No final excavation is performed in the first visit. Re-entry and final excavation is made at a later date. There are several variations to the stepwise excavation technique such as Magnusson and Sundell placed a zinc oxide-eugenol cement temporary restoration and carried out the final excavation four to six weeks later. In 1962, Law and Lewis placed calcium hydroxide and an amalgam restoration and re-entry was made six months later. More recently developed ART techniques restore the cavity with chemically adhesive GIC which forms a better seal, instead of the traditional amalgam and also releases fluoride which prevents and arrests caries.5
When the restoration is removed, arrested caries-affected dentine which is darker and harder is exposed and tertiary dentine is also deposited.
In the excavation procedure, all the undermining enamel has to be removed to allow easy access to the carious dentine along the enamel-dentine junction. 1 mm of carious dentine is left behind on the pulpal wall and re-entry takes place after a year and the final excavation is carried out.
By removing infected dental tissue in deep cavities, excavation is at a very close level to the pulp. By using the stepwise excavation, pulpal exposure is avoided and any pulpal complications are minimised.11
(Figure 3: Bjorndal L, 2008)
Figure 3 show the less invasive stepwise excavation procedure.

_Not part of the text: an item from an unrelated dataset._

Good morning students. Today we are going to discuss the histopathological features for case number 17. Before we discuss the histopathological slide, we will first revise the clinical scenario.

The red zones indicate where plaque is found. A closed lesion environment before first excacation (a) and after (b) followed by application of calcium hydroxide material and a provisional restoration(c). During the treatment interval the demineralized dentine has clinically changed into signs of slow lesion progress, seen by a darker demineralized dentin (d). After final excavation (e) the permanent restoration is made (f).11
At present there are several restorative materials that are compatible with a minimal interventive philosophy such as resin composites, giomers, ormocers, compomers, resin-modified and traditional glass-ionomer cements. The use of adhesive techniques such as resin composites removes the need of occlusal keys and undercuts, therefore conserving more tooth substance.13
Amalgam is one of the oldest direct restorative materials still in use. It is an alloy of several metals including silver, tin, copper, zinc and a small amount of mercury. Amalgam is not compatible with the minimal intervention philosophy despite its proven durability. It requires an undercut to retain the restoration macro-mechanically; hence more tooth structure is removed or damaged, ultimately weakening the remaining tissue. Consequently amalgam is not recommended for the initial management of lesions of caries and where a minimally interventive approach is indicated.(REWORD)
It is possible for the amalgam to be bonded to teeth with dentine adhesive systems, reducing the need for undercuts. These are called bonded amalgam restorations.

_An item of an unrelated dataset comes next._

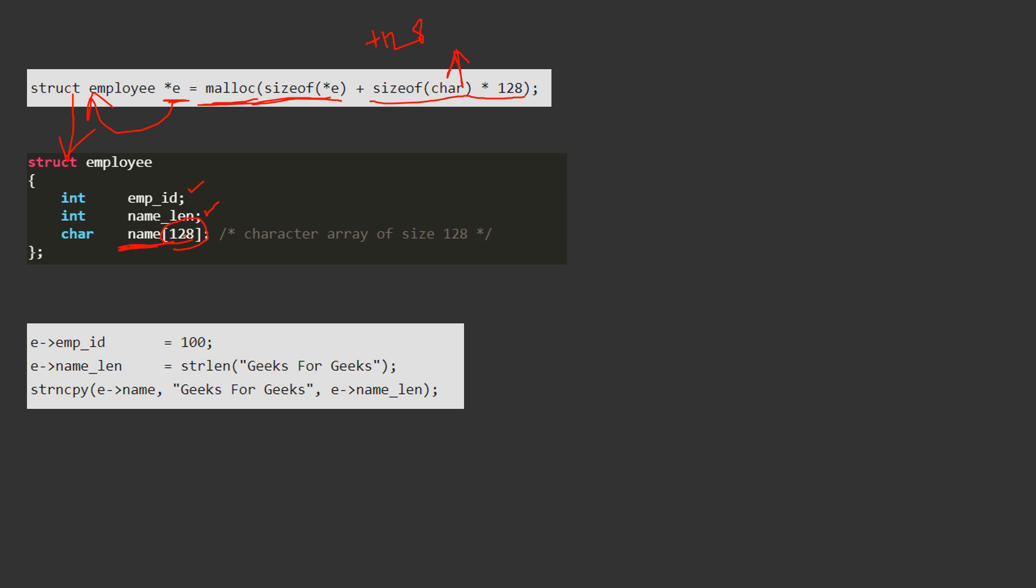By using this concept, we can define variable length structures. Because here as you can see, using this malloc function, we can provide whatever size of the structure you want.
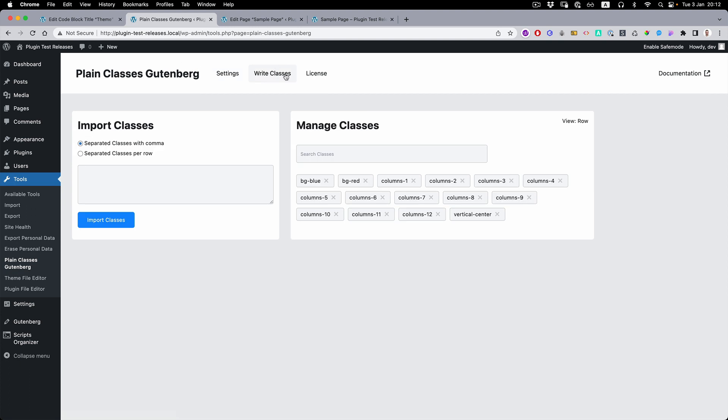If we go to the Write Classes, you can see that previous classes are merged with our classes from the scanned CSS file. So you can see column 1 to 12 and then the vertical center as well.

Modern techniques for cavity preparation such as air abrasion are not well suited for the removal of amalgam and there is concern for the levels of mercury released when amalgam is abraded. Air abrasion of amalgam for one minute released mercury vapour four times in excess of the OSHA standard.12
Resin Composites (REWORD COMPLETELY)
Resin composites are glass filler particles in a resin matrix. Composites for anterior and posterior teeth require different properties. Materials with a higher filler: resin ratio are recommended for posterior restorations, whereas materials with more resin matrix are used for anterior restorations. This is because materials with a higher filler: resin ratio tend to be stronger, more wear resistant and shrink less when cured. A high concentration of filler particles makes the material more opaque and is more difficult to finish. On the other hand, materials with a higher filler: resin particle ratios are more easily finished and translucent so better suited for anterior teeth restorations. However they shrink more when cured.
All resin systems contract on curing. The concept of ‘soft-start’ polymerisation has been shown to produce better marginal adaptation which may lead to reduced interfacial leakage. Also the net overall shrinkage is less.
Composite restorative materials follow the minimally invasive concept as they can be used in conjunction with a dental adhesive system with minimal tooth preparation. Another advantage is that light-curing provides command cure which allows for immediate finishing and polishing. The restoration, if placed correctly in suitably prepared teeth, seals the tooth restorative interface, reducing interfacial leakage. It is possible to add material to cured increments, which allows for incremental build-up and further additions at a later date.
Disadvantages include shrinkage typically 2-3% which can disrupt the marginal adaptation of the restoration. Bonding to dentine still remains problematic and water absorption with surface and marginal staining may occur after some years.
Flowable composites are used in the repair of marginal defects in restorations and as a liner. They have a low filler: resin ratio and suffer relatively large percentage shrinkage when they are cured, but have the advantage of easy of adaptation to preparations.
Compomers are made predominately from resin composite with the addition of a polyacid-modified molecule, which makes the material more hydrophilic. Compomers are initially light-cured, but subsequently absorb water, allowing for an acid-base reaction to set the polyacid-modified molecule.
Initially the material shrinks due to polymerisation contraction but expands subsequently as water is absorbed. Compomers are easy to handle and release fluoride. they are resin-made so a dentine bonding agent is required. Properties are similar to composites but wear and fracture resistance are less than for composite.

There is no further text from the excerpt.